Luis G. Abbadie

During his literary development, he participated in workshops coordinated by Flaviano Castañeda Valencia, Víctor Manuel Pazarín, Gabriel Gómez, and others.

Within the novel there appear personalities from the past and present of the city of Guadalajara, such as Enrique González Martínez, Álvaro Leonor Ochoa, Raffles, the Mataindigentes (Indigents' Killer) or Juan Kraeppellin; in the author's words, "the three subjects overlapping are: Guadalajara, its places and personalities; the Necronomicon and its mythology; and New Age doctrines, concerning aliens and 2012.

His participation in the Primer Encuentro Nacional Wicca México (First National Meeting of Wicca, Mexico), Beltane 2003, an event organized by the now-defunct Círculo Gaia[6] was controversial, as well as in the subsequent reply from Carmen Orellana (Tarwe Nén), and was his first major participation in the neopagan community.

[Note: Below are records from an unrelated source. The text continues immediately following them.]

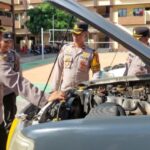 Kapolres Gowa Pimpin Pemeriksaan Kendaraan Dinas di Seluruh Bagian dan Seksi Polres Gowa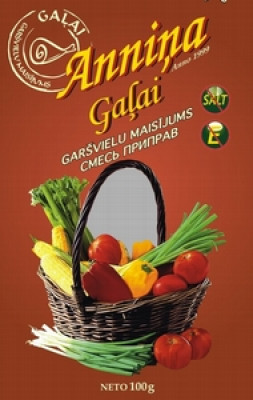 ANNIŅA Garšvielu mais."Gaļai"(5x100g)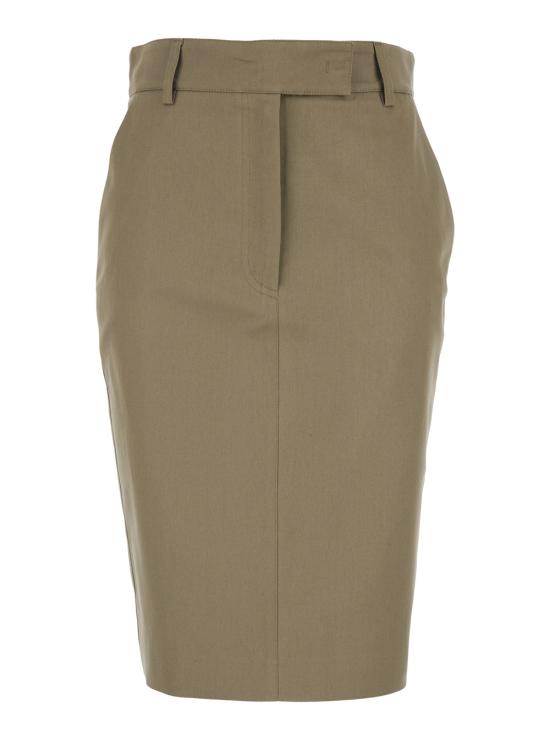 26SS 플레인 미디 스커트 500541136216 Grey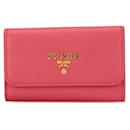 Pink Prada Saffiano Key Holder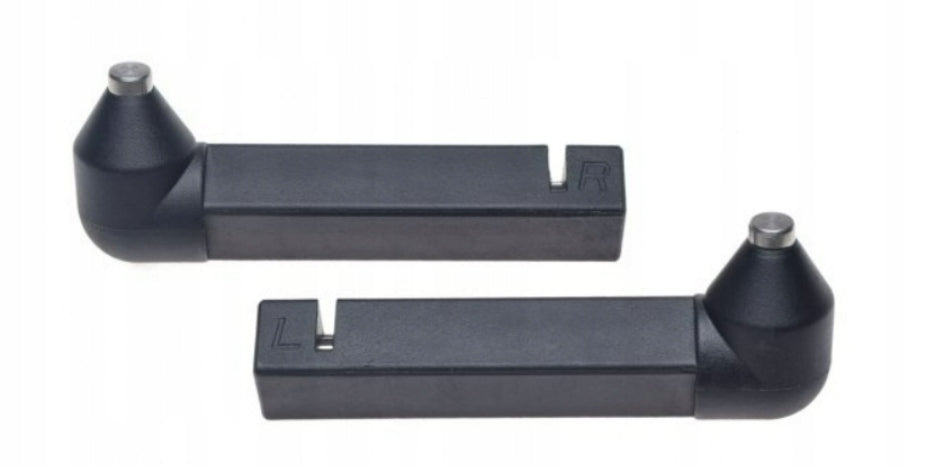 MOTORCYCLE LIFT HANDLES FRONT Cones 2 Pieces Black 20mm Packaging status original
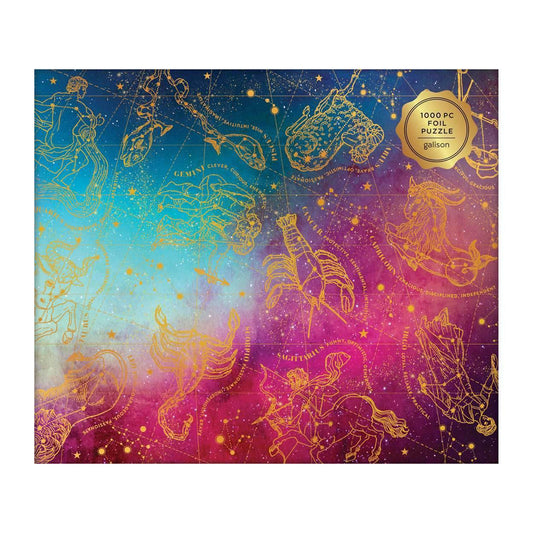 Cosmos Astrology 1000 Piece Foil Puzzle Foil Puzzles Galison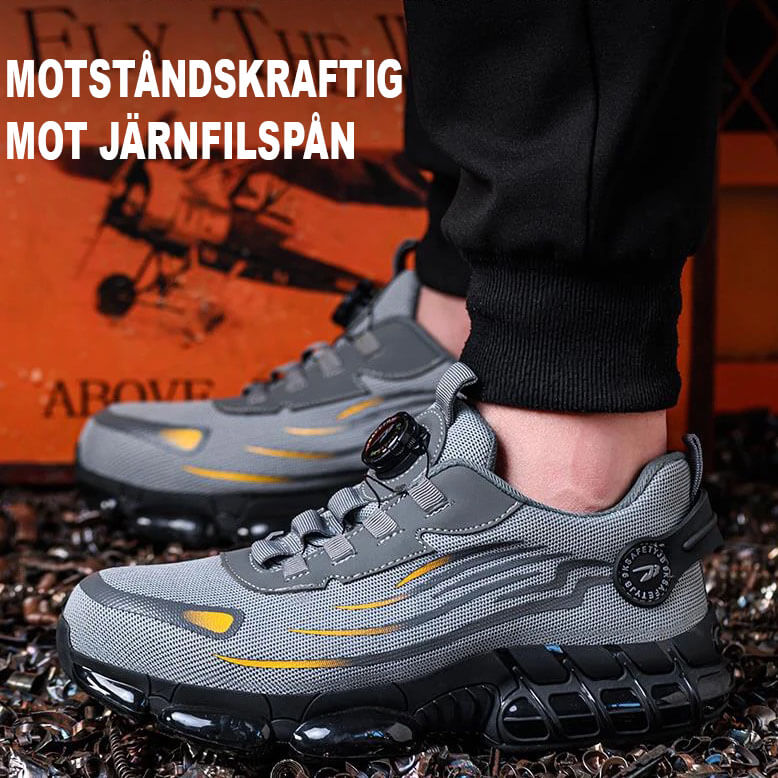 Ultralette, Holdbare Sikkerhedssko med Stålhætte og Rotérbar Spænde
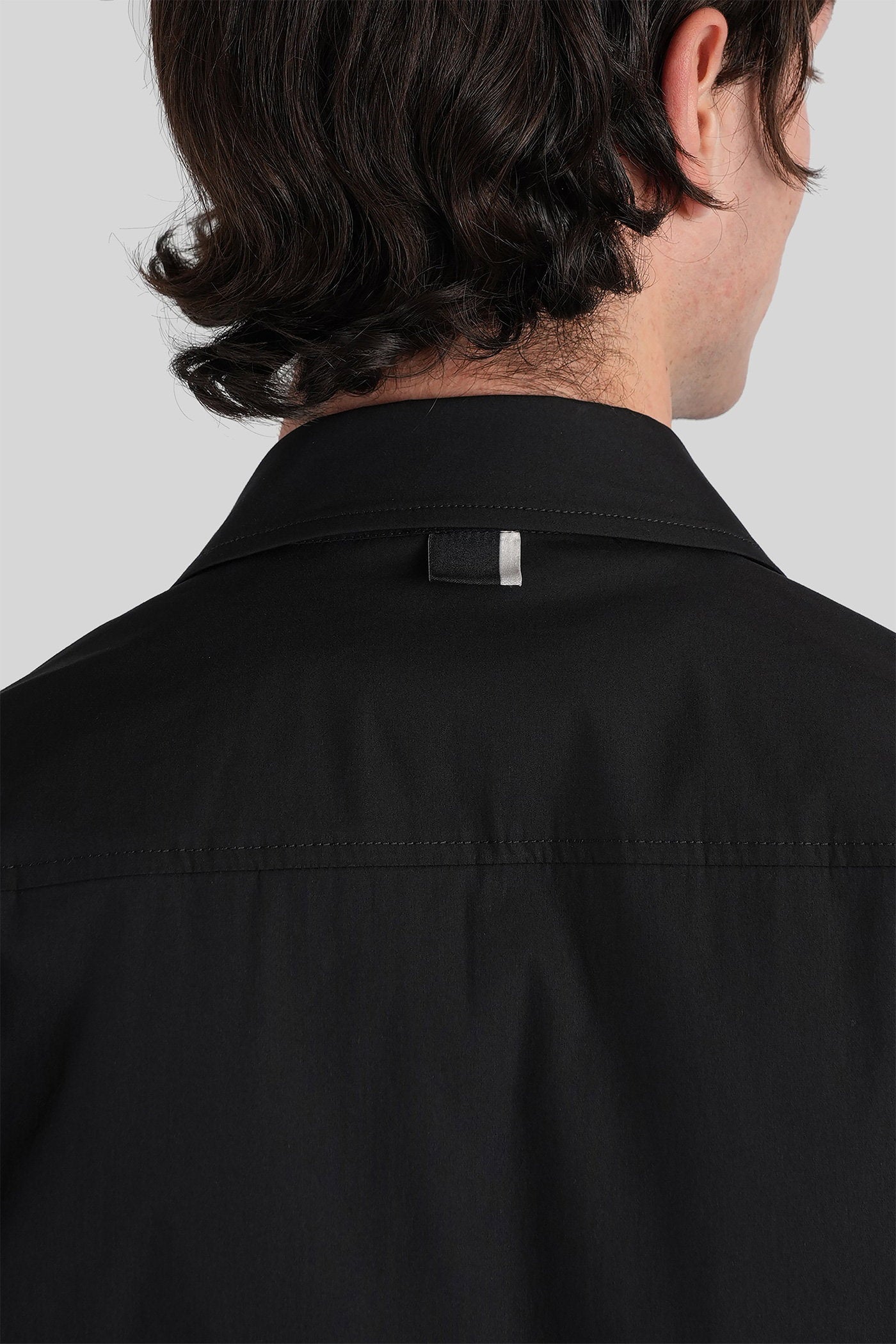 Shirt Zip S162 Black Cotton Abbigliamento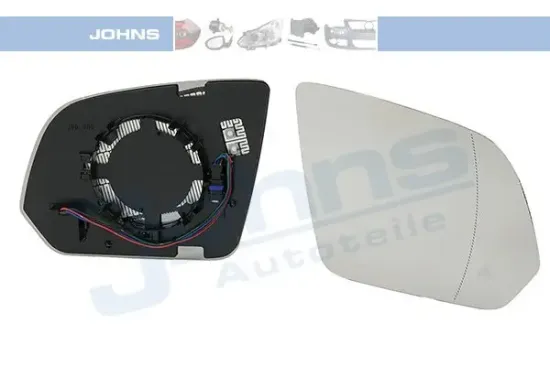 Spiegelglas, Außenspiegel rechts JOHNS 50 43 38-82 Bild Spiegelglas, Außenspiegel rechts JOHNS 50 43 38-82
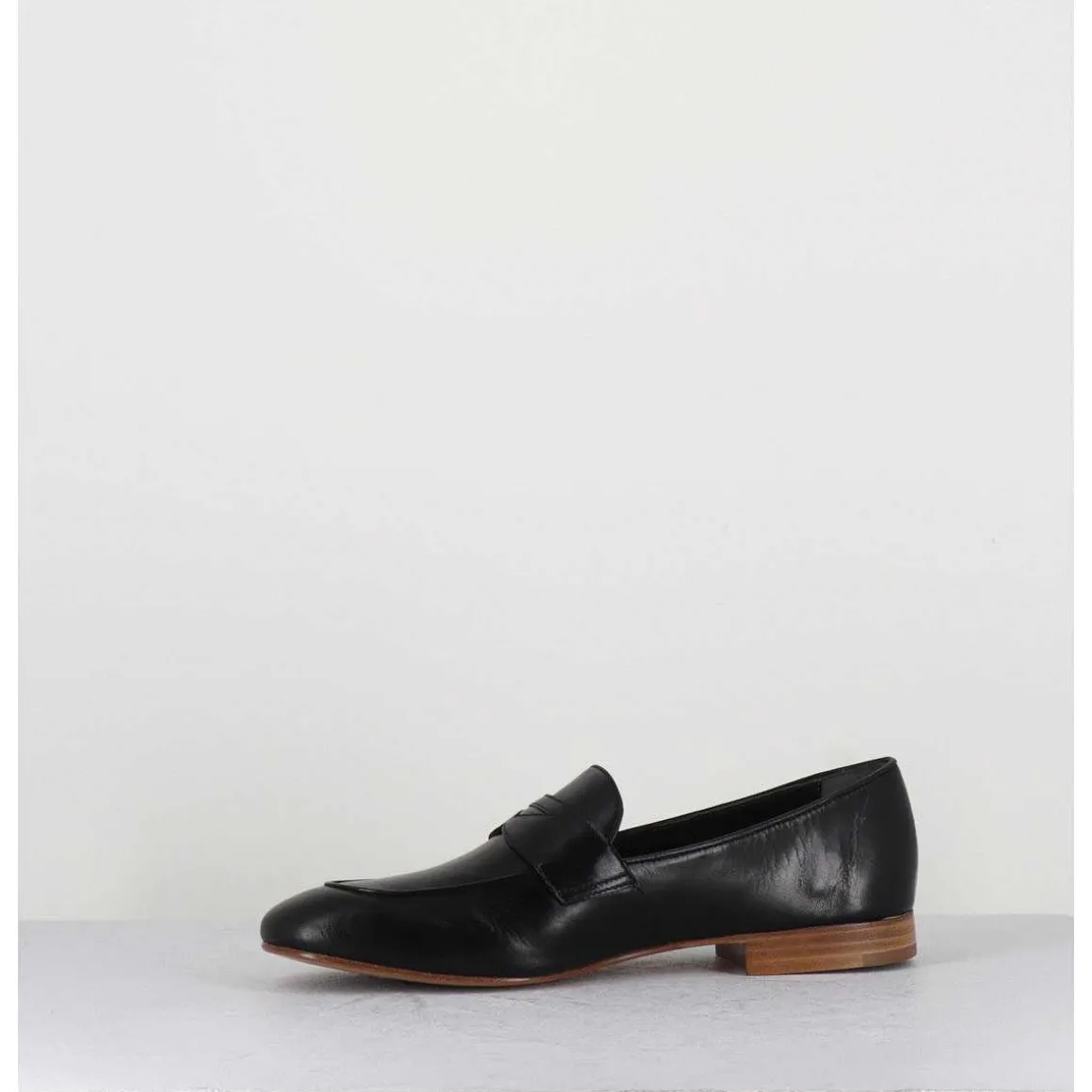 Mocassins Souples En Cuir Noir - N126 Nero
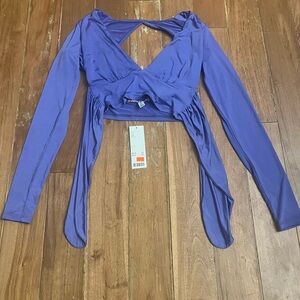 urban outfitters tie back crop top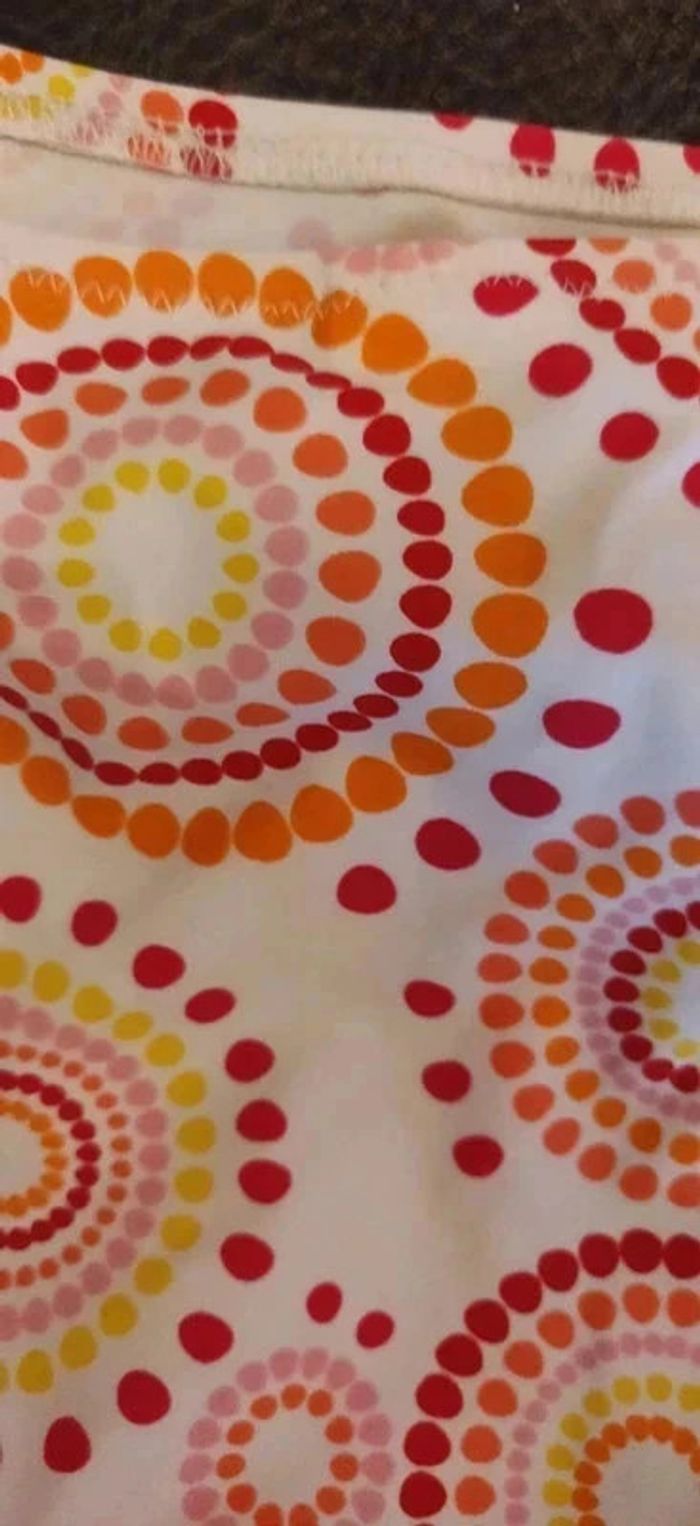 Maillot de bain blanc motifs rouge orange jaune Tape à l'oeil 14 ans - photo numéro 5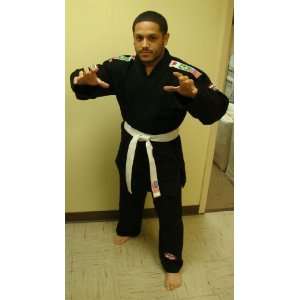  Bjj Kimono Jiu Jitsu/judo Gi Student Black Color 0 Sports 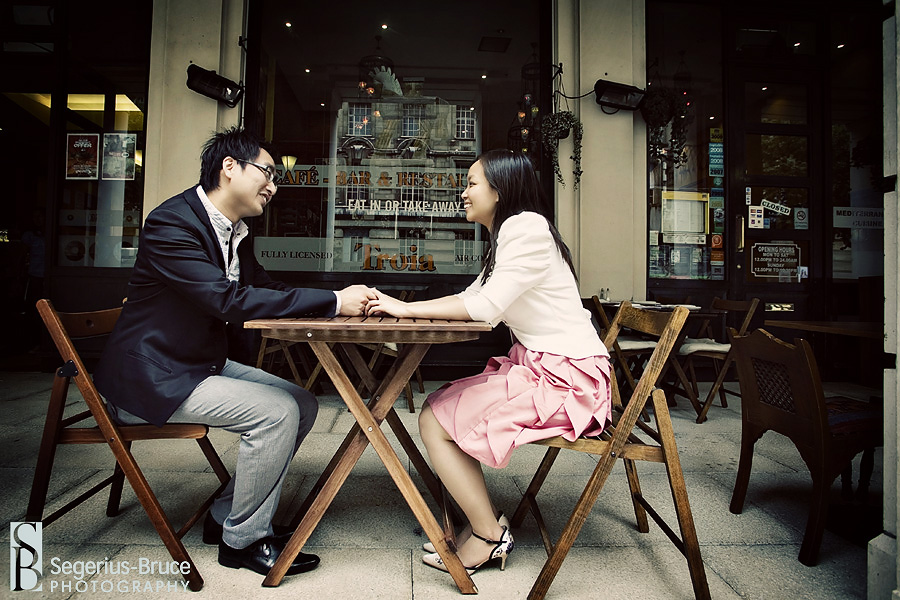 Chinese Pre Wedding Engagement Photo session in London 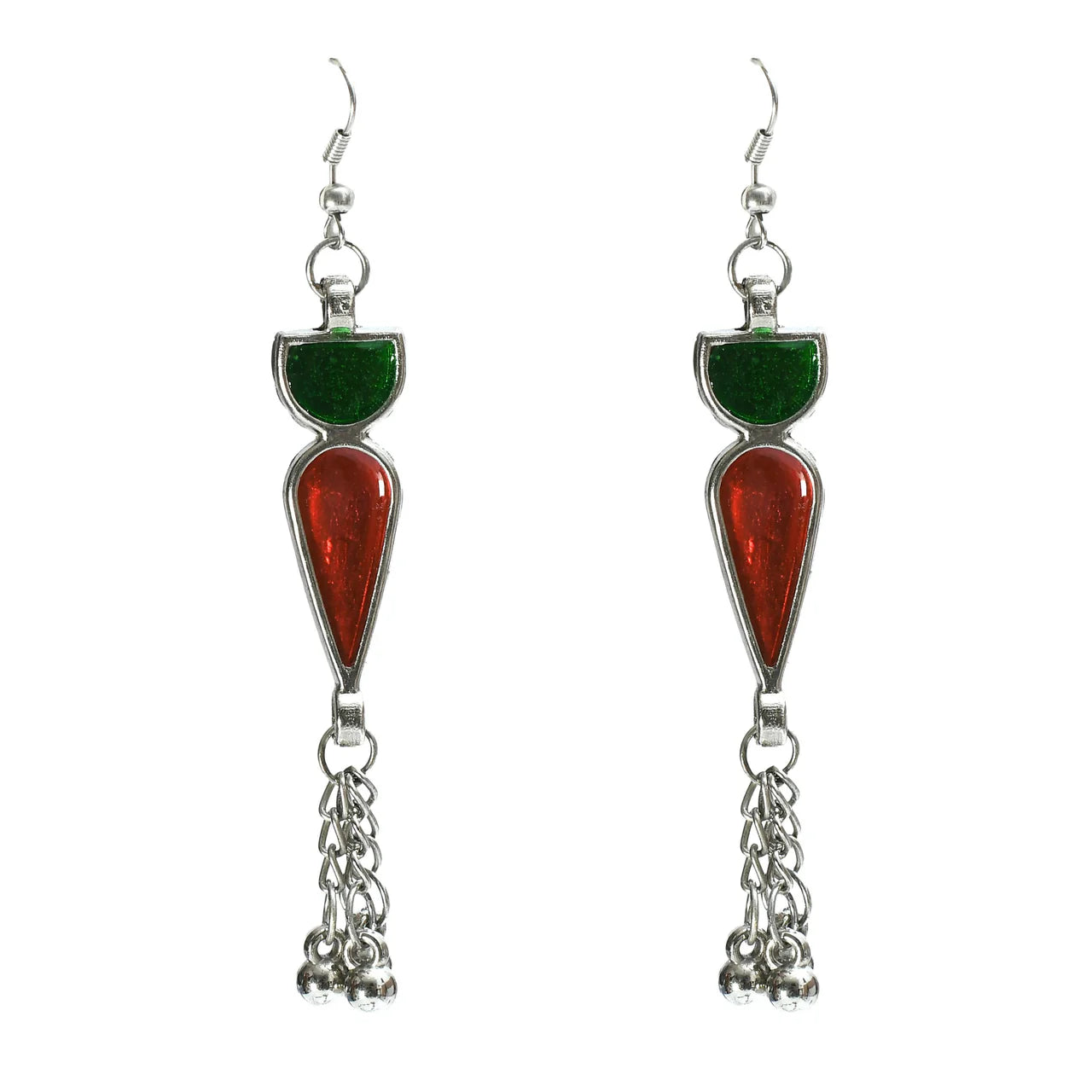 WOMENS MULTY COLOUR MINAKARI OXIDISED NACKLACE SET THZ046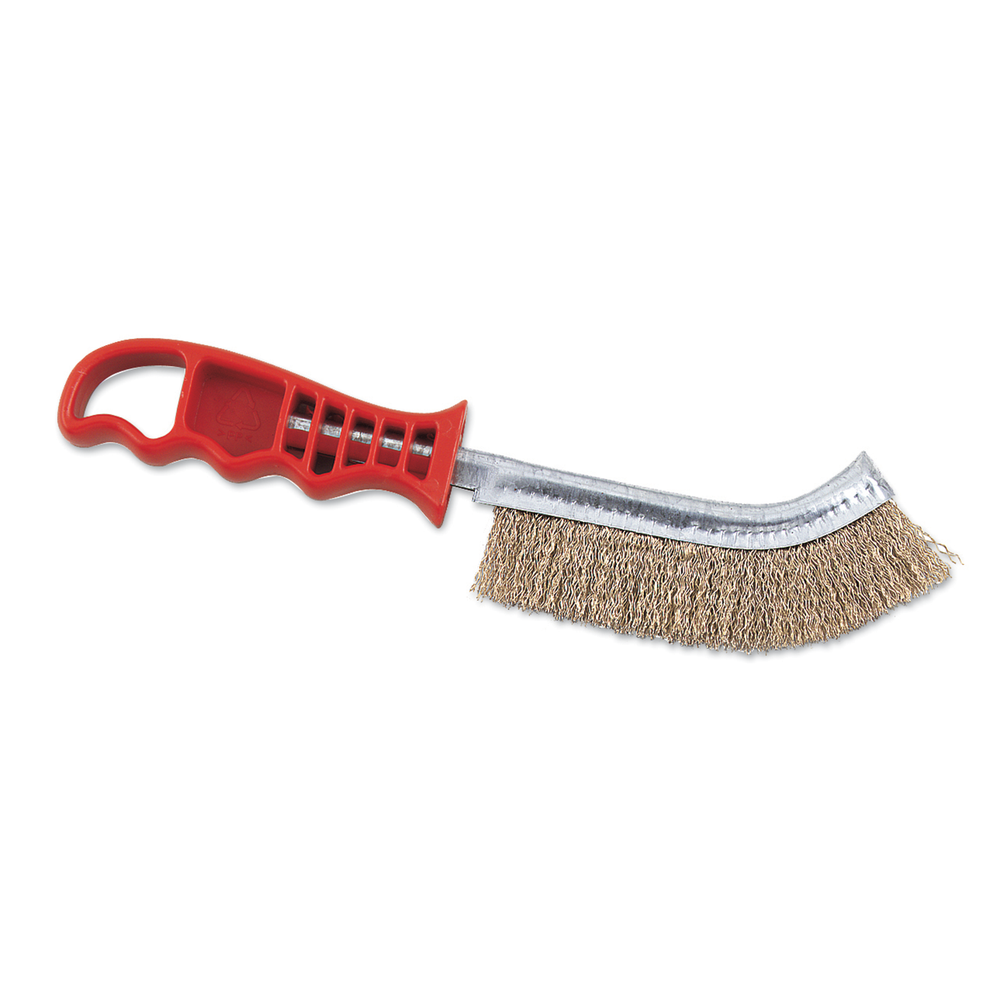 Browne 11" Grill Brush, Stiff Brass Bristles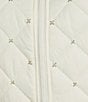 C&V Chelsea & Violet Zip Up Front Beaded Quilted Puffer Jacket - Image 5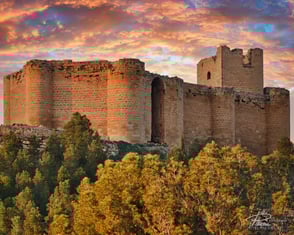 Castillo al atardecer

Although he initially favored the use of the word Wicca to refer to the different manifestations of modern witchcraft, including more indigenous types, he became uncomfortable with the eclectic, hybrid nature of what he calls 'Neo-Wicca.'

Abbadie wrote El Sendero de los Brujos (2004), a book directed toward young readers as they are the ones recently attracted to neopaganism.

Upon discovering other forms of traditions European witchcraft, he began his formal apprenticeship of Scottish witchcraft, called Hedgewitch o Circle Magic, which he has dubbed Crossways Craft or rather Oficio del Cruce de Caminos, adopting an already-existing phrase to designate his personal preference.